■ What you should do:
Every record below is to be repeated exactly, with the pictures left out.

-- Records follows --

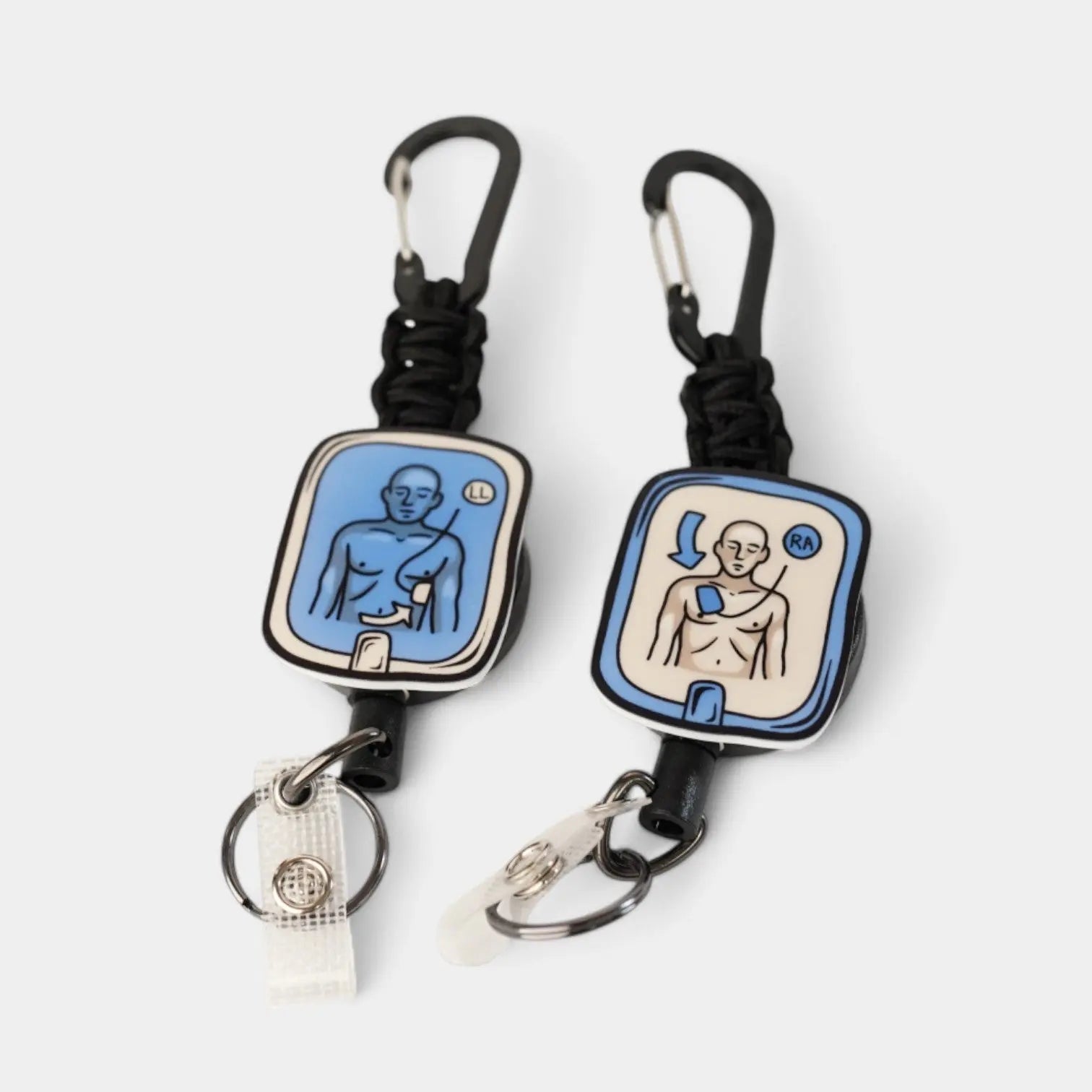 AED Pads Partner Badge Reels - Rescue Candy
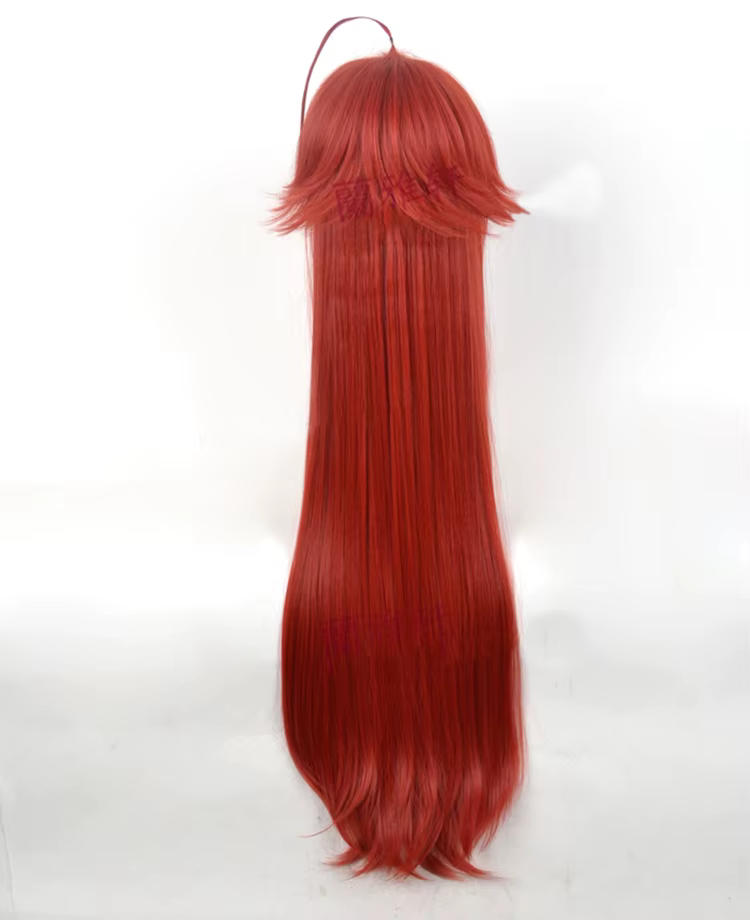 Lycée DxD Rias Gremory 100cm Long Vin Rouge Chaleur Degré Cheveux Cosplay Costume Perruque + Bonnet Gratuit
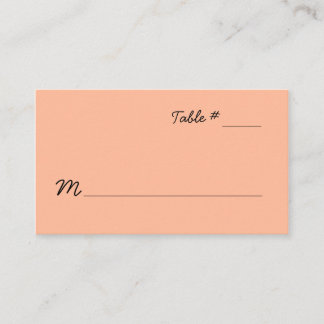Mesa Tarjeta de plaza de Escort Peach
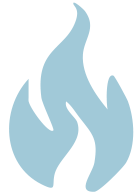 flame icon blue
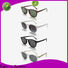 Eugenia stainless steel retro round frame sunglasses free sample large capacity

-- Records concluded --

■ Exercise response:
 AED Pads Partner Badge Reels - Rescue Candy
 Lycée DxD Rias Gremory 100cm Long Vin Rouge Chaleur Degré Cheveux Cosplay Costume Perruque + Bonnet Gratuit
Mesa Tarjeta de plaza de Escort Peach
 flame icon blue
 Eugenia stainless steel retro round frame sunglasses free sample large capacity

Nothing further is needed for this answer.